_Exercise prompt_
In the listing below, every line with the word "Hotel" needs to be copied.
——————
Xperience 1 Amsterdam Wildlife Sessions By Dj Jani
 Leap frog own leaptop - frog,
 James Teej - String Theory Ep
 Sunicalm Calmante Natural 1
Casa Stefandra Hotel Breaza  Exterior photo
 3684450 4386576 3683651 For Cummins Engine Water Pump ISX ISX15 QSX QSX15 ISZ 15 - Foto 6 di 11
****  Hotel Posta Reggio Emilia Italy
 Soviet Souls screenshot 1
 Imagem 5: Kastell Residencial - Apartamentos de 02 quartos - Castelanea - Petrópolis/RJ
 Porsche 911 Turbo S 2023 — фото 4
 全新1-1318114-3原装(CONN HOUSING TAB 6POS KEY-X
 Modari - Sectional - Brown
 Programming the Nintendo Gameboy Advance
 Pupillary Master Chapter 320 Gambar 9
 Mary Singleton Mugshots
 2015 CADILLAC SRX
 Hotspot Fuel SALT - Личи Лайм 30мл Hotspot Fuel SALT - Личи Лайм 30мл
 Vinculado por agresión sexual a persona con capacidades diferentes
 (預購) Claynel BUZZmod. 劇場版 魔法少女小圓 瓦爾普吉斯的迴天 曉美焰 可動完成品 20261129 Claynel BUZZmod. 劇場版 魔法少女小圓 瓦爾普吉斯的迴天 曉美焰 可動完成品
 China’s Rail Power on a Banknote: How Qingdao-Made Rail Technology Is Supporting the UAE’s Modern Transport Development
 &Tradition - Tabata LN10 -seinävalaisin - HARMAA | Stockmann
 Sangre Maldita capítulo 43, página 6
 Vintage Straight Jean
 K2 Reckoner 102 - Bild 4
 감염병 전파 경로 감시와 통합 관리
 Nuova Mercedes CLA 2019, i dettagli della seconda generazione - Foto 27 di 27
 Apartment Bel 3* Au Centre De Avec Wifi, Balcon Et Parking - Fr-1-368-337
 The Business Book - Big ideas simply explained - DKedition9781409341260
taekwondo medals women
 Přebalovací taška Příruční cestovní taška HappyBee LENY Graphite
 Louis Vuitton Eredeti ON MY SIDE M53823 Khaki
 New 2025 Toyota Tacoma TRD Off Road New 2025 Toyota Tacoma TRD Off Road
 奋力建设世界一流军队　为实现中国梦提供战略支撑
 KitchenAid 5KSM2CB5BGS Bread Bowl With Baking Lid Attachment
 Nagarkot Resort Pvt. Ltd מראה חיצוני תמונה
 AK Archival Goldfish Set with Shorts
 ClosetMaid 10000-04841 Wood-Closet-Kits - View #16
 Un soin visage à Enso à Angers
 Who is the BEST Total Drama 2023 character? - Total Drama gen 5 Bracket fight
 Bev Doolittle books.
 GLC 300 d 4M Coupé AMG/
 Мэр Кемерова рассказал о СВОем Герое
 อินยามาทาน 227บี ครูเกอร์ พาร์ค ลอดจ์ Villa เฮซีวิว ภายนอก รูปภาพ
——————
_Exercise result_
Casa Stefandra Hotel Breaza  Exterior photo
****  Hotel Posta Reggio Emilia Italy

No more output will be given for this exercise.